Sen. Cory Booker, D-N.J., said, “Trump's Voter Fraud Commission was an offense, based on a lie, blatantly seeking to suppress votes." Booker, along with Sen. Mazie Hirono of Hawaii, introduced legislation to repeal the executive order that established the commission.

The White House announced Wednesday evening that Trump signed an executive order to dissolve the commission.

"I am so glad it is no longer necessary. Now that this step backwards was stopped, let's restore the Voting Rights Act,” Booker continued.

Rep. Gerry Connolly, D-Va., praised the end of the commission for getting the "ugly death it deserved."

Sen. Kamala Harris of California called the commission a "shameful attempt at voter suppression that should have never existed in the first place." She added that the dissolution of the commission is a "win for voters across the country."

Senate Minority Leader Chuck Schumer, D-N.Y., responded to news of the commission being dissolved, claiming it "never had anything to do with election integrity. It was instead a front to suppress the vote, perpetrate dangerous and baseless claims, and was ridiculed from one end of the country to the other. This shows that ill-founded proposals that just appeal to a narrow group of people won’t work, and we hope they’ll learn this lesson elsewhere.” He has previously asked Trump to disband the commission.

The Presidential Commission on Election Integrity had faced numerous legal challenges since it was established in May.

In a statement, the White House said: "Rather than engage in endless legal battles at taxpayer expense, today President Donald J. Trump signed an executive order to dissolve the Commission, and have asked the Department of Homeland Security to review these issues and determine next courses of action."

The American Civil Liberties Union said the commission engaged in a "wild goose chase." It previously called the commission a "sham."

The commission has faced numerous legal challenges.
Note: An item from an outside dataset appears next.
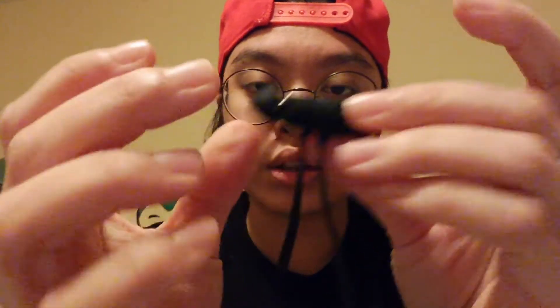It also has magnets. For the connection, it's not a 3.5mm jack but a lightning connector. This is good for iPhones — any type of iPhone as long as it has a lightning jack. Beats started making this since the iPhone 7 came out.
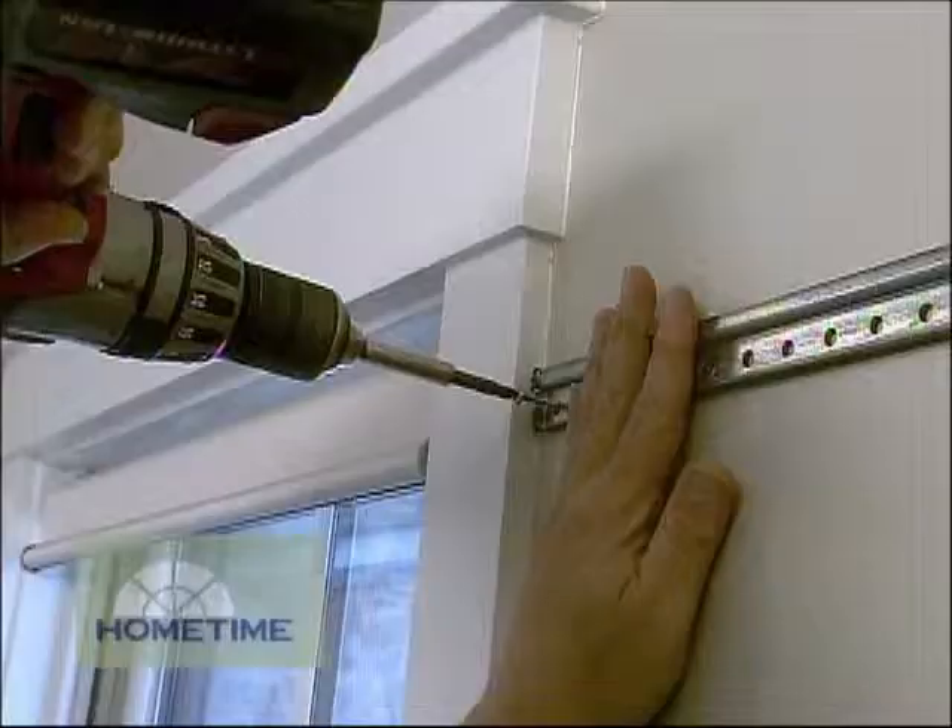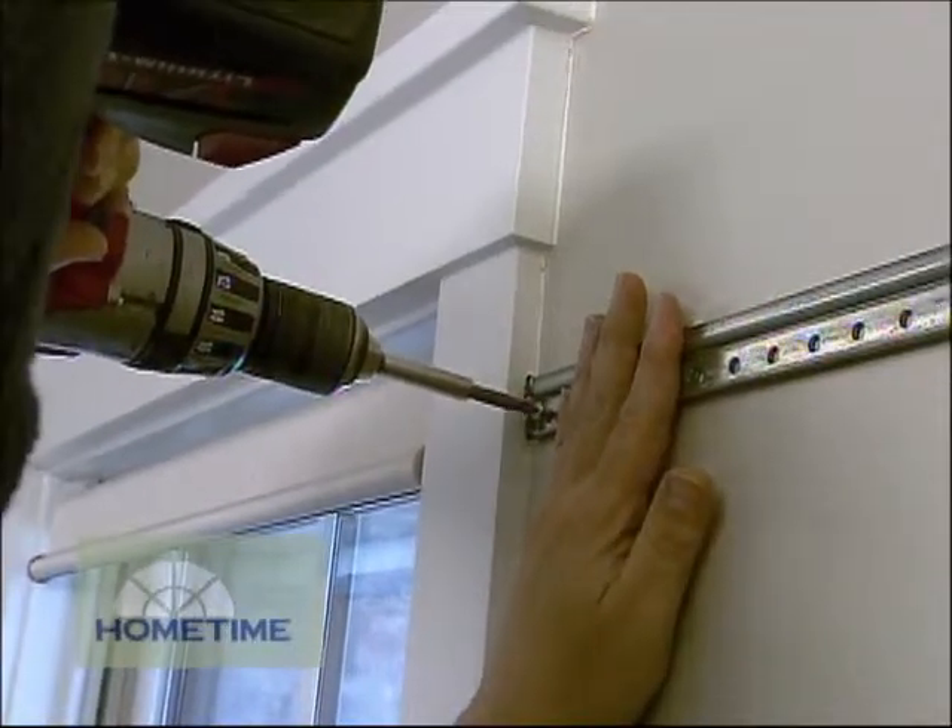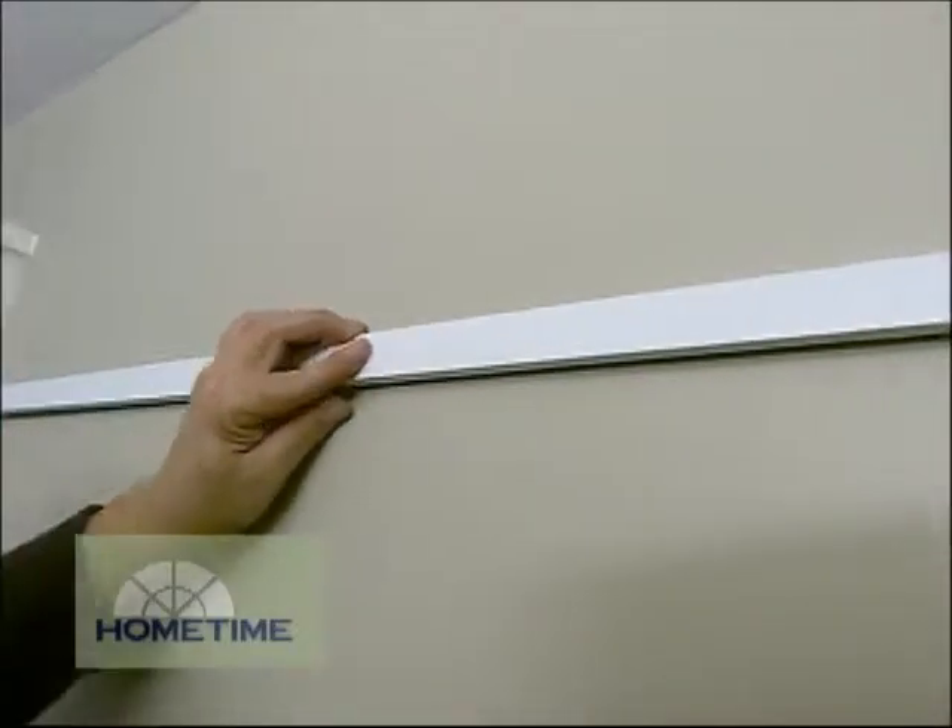You screw the rails right into the framing. By themselves, they may not look the best for a master closet, but the caps do cover them up nicely.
It was led by Kansas Secretary of State Kris Kobach, a staunch supporter of voter ID laws, and Vice President Mike Pence.

"Despite substantial evidence of voter fraud, many states have refused to provide the Presidential Advisory Commission on Election Integrity with basic information relevant to its inquiry," the statement from the White House said.

The commission failed to prove Trump's claim of widespread voter fraud, which the president cited as the reason for forming the commission in the first place.